Kreativer Arbeitsweg

Sönke Witt arbeitet meist in einem Büro auf dem Burchardkai, mitten im Hafen. Wie schafft er es, jeden Tag ohne Auto dorthin zu kommen?

Die Containerterminals mitten im Hamburger Hafen lassen sich mit Buslinien wie der 151 oder 152 erreichen, die allerdings selten fahren und auch mal im Stau stehen. Besser geht es mit kreativen Lösungen, zum Beispiel durch die Kombination von S-Bahn und Fahrrad. Zu empfehlen ist dafür die Hadag-Fähre 61, deren zehn tägliche Abfahrten auch in Zusammenarbeit mit der HHLA optimiert wurden. Sönke Witt hat als ÖPNV-Nutzers ein Protokoll über die Vor- und Nachteile der Fähre geschrieben.
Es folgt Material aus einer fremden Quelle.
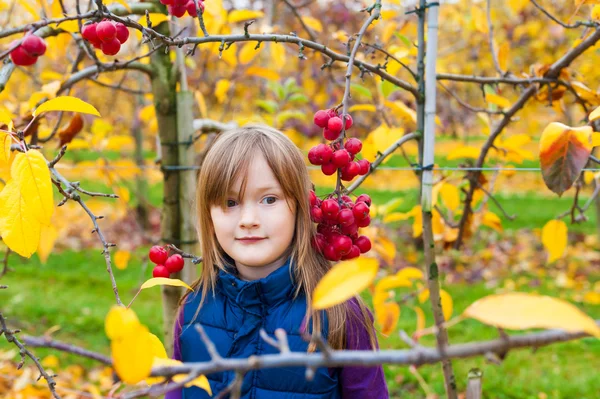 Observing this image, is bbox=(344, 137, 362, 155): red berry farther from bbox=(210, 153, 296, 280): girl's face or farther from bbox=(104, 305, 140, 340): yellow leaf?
bbox=(104, 305, 140, 340): yellow leaf

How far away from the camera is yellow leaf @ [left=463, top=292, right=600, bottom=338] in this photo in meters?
0.42

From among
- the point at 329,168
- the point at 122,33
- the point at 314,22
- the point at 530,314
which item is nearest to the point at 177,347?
the point at 329,168

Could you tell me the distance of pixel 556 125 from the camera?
88 centimetres

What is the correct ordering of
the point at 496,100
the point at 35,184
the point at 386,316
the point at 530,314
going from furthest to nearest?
the point at 386,316, the point at 496,100, the point at 35,184, the point at 530,314

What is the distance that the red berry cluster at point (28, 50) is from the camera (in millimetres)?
1003

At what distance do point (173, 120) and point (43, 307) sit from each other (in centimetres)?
266

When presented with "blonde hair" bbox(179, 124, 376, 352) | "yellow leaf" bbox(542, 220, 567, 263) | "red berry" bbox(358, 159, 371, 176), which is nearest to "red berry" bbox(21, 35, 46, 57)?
"blonde hair" bbox(179, 124, 376, 352)

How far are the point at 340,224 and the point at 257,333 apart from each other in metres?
0.35

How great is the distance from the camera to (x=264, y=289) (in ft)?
3.95

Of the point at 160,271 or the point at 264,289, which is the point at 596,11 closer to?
the point at 264,289

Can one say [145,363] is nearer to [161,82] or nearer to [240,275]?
[240,275]

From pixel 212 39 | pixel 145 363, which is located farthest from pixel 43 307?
pixel 145 363

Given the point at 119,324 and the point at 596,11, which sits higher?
the point at 596,11

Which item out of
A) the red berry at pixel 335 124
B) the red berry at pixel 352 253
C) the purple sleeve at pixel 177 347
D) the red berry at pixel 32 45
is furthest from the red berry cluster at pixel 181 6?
the purple sleeve at pixel 177 347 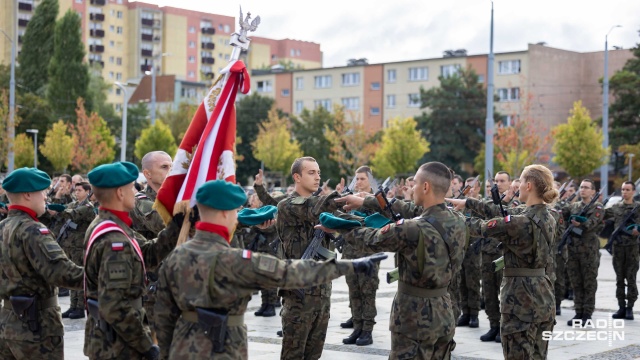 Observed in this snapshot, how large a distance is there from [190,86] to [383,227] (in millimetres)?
90548

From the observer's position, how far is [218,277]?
16.5 feet

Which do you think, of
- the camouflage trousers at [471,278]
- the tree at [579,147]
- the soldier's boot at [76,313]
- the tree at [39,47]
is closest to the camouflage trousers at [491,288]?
the camouflage trousers at [471,278]

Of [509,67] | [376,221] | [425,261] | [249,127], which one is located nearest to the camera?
[425,261]

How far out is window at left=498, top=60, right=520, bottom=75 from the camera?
227ft

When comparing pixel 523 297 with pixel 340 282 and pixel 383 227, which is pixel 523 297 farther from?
pixel 340 282

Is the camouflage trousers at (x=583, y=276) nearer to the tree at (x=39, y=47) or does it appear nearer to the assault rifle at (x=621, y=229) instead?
the assault rifle at (x=621, y=229)

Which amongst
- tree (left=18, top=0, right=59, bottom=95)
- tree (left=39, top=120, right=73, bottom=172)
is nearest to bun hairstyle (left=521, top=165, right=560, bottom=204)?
tree (left=39, top=120, right=73, bottom=172)

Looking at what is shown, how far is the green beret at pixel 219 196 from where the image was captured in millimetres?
5160

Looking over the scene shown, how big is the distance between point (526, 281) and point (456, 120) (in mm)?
59044

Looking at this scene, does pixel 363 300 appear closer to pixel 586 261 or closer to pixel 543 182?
pixel 586 261

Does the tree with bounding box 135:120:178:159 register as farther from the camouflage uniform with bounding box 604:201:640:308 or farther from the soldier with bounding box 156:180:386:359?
the soldier with bounding box 156:180:386:359

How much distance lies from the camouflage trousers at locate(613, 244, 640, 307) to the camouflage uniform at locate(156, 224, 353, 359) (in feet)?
34.2

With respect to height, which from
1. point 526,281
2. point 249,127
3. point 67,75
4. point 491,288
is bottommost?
point 491,288

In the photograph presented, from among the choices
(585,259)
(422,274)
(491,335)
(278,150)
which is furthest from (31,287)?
(278,150) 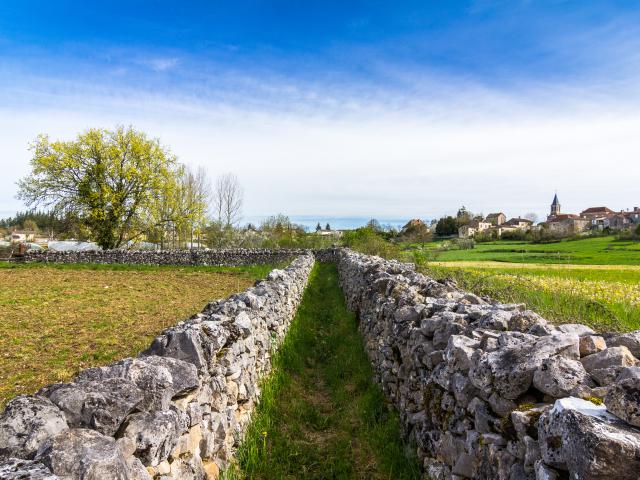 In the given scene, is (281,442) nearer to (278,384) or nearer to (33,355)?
(278,384)

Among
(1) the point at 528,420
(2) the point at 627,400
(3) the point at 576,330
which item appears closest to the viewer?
(2) the point at 627,400

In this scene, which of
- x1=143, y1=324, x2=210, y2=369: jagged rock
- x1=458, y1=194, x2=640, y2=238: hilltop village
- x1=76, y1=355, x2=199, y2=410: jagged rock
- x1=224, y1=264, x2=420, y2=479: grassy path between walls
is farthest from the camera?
x1=458, y1=194, x2=640, y2=238: hilltop village

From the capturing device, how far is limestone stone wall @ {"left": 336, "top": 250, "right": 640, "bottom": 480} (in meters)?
1.89

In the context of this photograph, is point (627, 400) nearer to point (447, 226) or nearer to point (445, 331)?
point (445, 331)

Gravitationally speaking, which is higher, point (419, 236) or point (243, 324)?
point (419, 236)

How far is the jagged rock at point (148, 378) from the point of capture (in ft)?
9.24

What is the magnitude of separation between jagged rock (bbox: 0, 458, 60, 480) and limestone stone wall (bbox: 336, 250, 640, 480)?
2.46 m

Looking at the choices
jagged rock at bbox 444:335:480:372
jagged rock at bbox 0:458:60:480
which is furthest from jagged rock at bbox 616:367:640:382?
jagged rock at bbox 0:458:60:480

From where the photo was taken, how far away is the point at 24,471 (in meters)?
1.75

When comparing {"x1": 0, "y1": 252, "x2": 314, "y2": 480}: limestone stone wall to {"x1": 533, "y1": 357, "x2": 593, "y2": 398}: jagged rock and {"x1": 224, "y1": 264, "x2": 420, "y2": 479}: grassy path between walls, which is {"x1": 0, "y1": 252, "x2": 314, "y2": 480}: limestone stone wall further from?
{"x1": 533, "y1": 357, "x2": 593, "y2": 398}: jagged rock

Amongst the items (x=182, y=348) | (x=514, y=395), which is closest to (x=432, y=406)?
(x=514, y=395)

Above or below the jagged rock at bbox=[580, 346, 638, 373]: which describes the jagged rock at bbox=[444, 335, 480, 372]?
below

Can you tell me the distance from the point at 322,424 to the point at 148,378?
3664mm

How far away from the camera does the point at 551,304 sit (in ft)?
22.0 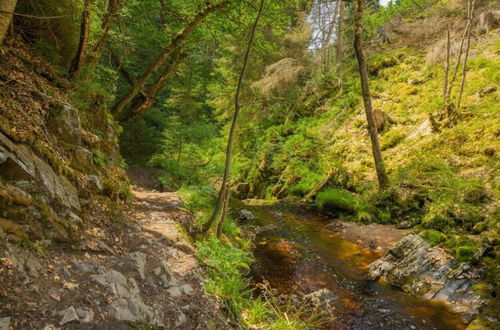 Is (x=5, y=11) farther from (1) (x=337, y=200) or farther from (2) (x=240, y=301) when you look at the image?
(1) (x=337, y=200)

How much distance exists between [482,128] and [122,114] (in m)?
11.8

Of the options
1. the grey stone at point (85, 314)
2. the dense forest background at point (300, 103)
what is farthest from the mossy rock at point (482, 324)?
the grey stone at point (85, 314)

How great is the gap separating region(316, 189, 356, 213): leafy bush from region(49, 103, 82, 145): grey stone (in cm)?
939

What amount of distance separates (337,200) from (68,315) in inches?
423

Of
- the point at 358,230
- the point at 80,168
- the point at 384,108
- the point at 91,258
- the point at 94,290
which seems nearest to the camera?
the point at 94,290

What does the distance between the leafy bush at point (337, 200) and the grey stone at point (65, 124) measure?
30.8ft

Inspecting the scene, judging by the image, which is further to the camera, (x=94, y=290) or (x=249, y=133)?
(x=249, y=133)

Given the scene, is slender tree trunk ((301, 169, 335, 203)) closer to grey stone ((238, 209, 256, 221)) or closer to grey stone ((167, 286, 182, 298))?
grey stone ((238, 209, 256, 221))

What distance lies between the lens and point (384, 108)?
15.9 meters

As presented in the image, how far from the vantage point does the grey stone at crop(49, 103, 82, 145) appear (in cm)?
470

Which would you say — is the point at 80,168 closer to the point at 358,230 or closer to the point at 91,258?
the point at 91,258

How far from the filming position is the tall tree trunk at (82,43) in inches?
222

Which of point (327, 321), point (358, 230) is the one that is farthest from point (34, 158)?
point (358, 230)

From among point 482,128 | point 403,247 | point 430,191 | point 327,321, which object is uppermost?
point 482,128
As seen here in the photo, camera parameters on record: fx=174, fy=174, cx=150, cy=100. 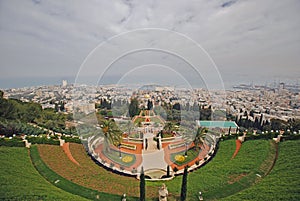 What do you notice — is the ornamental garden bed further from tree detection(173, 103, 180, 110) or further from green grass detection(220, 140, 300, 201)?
tree detection(173, 103, 180, 110)

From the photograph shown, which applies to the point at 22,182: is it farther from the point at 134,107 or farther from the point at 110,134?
the point at 134,107

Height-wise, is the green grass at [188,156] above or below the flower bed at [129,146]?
below

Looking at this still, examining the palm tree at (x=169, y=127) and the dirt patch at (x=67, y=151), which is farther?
the palm tree at (x=169, y=127)

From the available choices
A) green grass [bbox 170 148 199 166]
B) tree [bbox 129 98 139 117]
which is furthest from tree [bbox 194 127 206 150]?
tree [bbox 129 98 139 117]

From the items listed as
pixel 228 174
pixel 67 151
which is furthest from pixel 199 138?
pixel 67 151

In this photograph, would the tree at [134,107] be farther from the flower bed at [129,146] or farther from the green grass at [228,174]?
the green grass at [228,174]

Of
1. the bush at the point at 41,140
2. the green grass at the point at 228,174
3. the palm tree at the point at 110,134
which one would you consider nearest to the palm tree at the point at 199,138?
the green grass at the point at 228,174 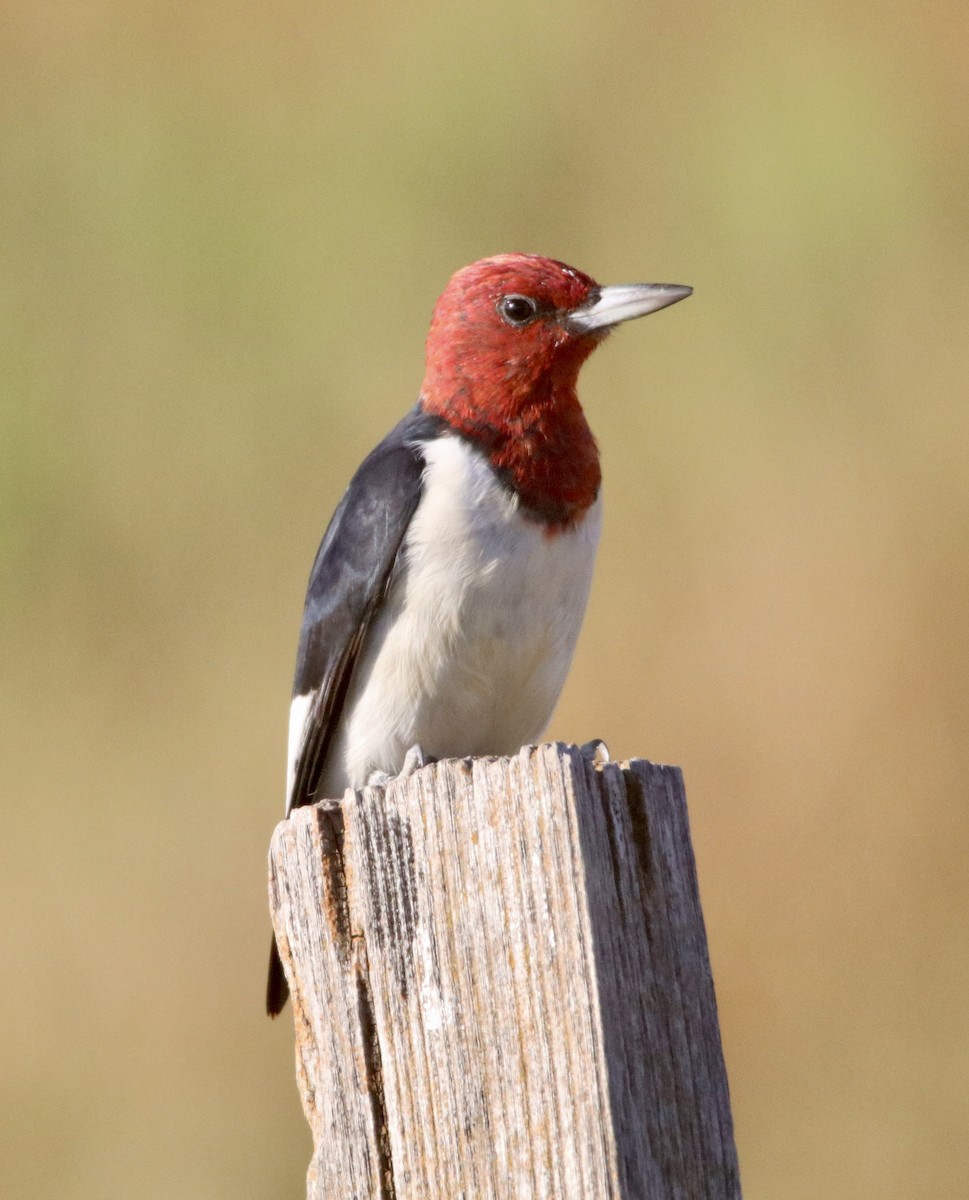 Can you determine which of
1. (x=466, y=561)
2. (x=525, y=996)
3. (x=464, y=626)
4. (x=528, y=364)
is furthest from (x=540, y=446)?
(x=525, y=996)

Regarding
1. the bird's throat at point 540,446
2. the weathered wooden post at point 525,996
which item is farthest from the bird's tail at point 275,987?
the weathered wooden post at point 525,996

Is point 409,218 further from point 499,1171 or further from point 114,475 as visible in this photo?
point 499,1171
„Ich verlasse morgens um 8:00 Uhr unsere Wohnung in Altona Altstadt und fahre meinen Sohn zur Kita. Danach mache ich mich auf den Weg zum Fähranleger Dockland und steige Punkt 8:37 Uhr mit meinem Rad auf die Fähre 61 (Fähren sind fast immer pünktlich). Nach ungefähr 15 Minuten steige ich am Anleger Waltershof aus, schwinge mich auf’s Fahrrad und bin um kurz vor 9:00 Uhr am Arbeitsplatz auf dem Burchardkai.

Auch Termine in der Speicherstadt, wo die Konzernzentrale der HHLA liegt, oder anderswo in der Innenstadt versuche ich mit Fahrrad und Fähre zu erreichen. Ich habe festgestellt, dass ich genauso schnell bei solchen Terminen bin wie mit dem Pkw. Zumindest dann, wenn man Zusatzzeiten wie Parkplatzsuche, Fußweg zum Termin oder ähnliches mit einrechnet. Darüber hinaus erlaubt dieser Modal-Split genau planbare Fahrtzeiten, denn man kann sich auf die Fähren verlassen und steht mit dem Fahrrad nie im Stau. Größtes Manko ist für mich die zu geringe Abfahrtsdichte der Fährline 61, die es oft unmöglich macht, meine Termine danach auszurichten.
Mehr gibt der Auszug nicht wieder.